The site itself is big and impressive – in an unusual spot and at a single layer. Potsherds from the time period of the first Jewish settlements from Prophet Joshua's time litter the ground.
A Unique ritual site
Dr. Zartal died a year before the final scientific paper on the site was published. Archaeologist Dr. Shay Bar, research fellow at the University of Haifa, supports his hypothesis that this is the altar.
"Professor Zartal's archeological digs discovered either a unique ritual site new settlers who came into the Jordan Valley and east Shomron in the early Iron Age. The Scarabs found at the site chronologically categorize (this site to be from) the estimated time of the exodus and the conquering of the land by (the biblical Joshua). If we look for historical sources for that period, the bible mentions the spot explicitly. But even a logical assumption isn't scientific proof.”
Rabbi Yoel Ben Nun, one of the founders of Yeshivat Har Etzion, wrote a hlalkhic article in which he found several signs that point to this alter being built according to Jewish law: The foundation not surrounding all sides, a double space for the altar and foundation, the space between the foundation and altar, two fire pits, and more.
"The discovery of the site by Prof. Zartal was a (big) surprise. It didn't fit what we thought (before). We were used to thinking of (the biblical Joshua's) stand being in the Nablus area – between Mount Gerizim and Mount Ebal. Suddenly I come to a place from which you can't see the city of Nablus and it's facing Mount Kabir and not Mount Grizim (according to the Samaritan identification). I went through the bible verses in which Mount Ebal is mentioned and discovered that the city of Nablus isn't mentioned in connection to it at all. We had an incorrect theory about identifying the spot. I told (Prof. Zartal) – you have convinced me!"
Other researchers oppose the theory, finding contradictions in it, such as the rectangular structure of the site compared with the square structure of other altars discovered in Israel, the site's being dated to 150 years after Joshua's time, and of course – the scientific approach to researching the biblical text, which was written hundreds of years after the alleged occurrences.
Dr. Yitzhaki Paz, a senior archaeologist at the Israel Antiquities Authorities has another interpretation for the findings on Mt. Ebal.
"There is a hypothesis that these ruins are the ruins of the base of a guard tower. In any case, archeology isn't an exact science, and there is no way to prove the connection between this archaeological site and Yehoshua Ben Nun from the bible 100 percent."
The Shomron Tourism and Teaching Center and the Shomron Tourism Office have organized trips to the site during the middle days of Sukkot and Passover.

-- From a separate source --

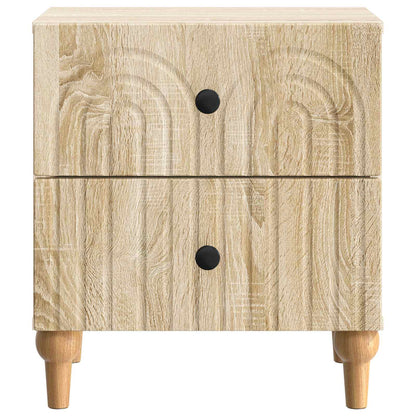 Nattduksbord 2 pcs Sonoma-ek 43 x 34,5 x 48 cm Konstruerat trä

Shomron Regional Council head Yossi Dagan explains the importance of people coming to visit the site. "There are a lot of different places in the Shomron which are deeply rooted in Jewish history. One of them is the alter of Yehoshua Ben Nun. We have also found the pit where Joseph was thrown into in the Dotan Valley, ancient Shchem, and more. The Shomron Regional Council and the Shomron Tourism Council place high importance on bringing visitors from all over the country and the world and from all walks of life to these extraordinary places. Interest in these places and having people come to these places seem to be a victory in the public relations battle both in Israel and the world."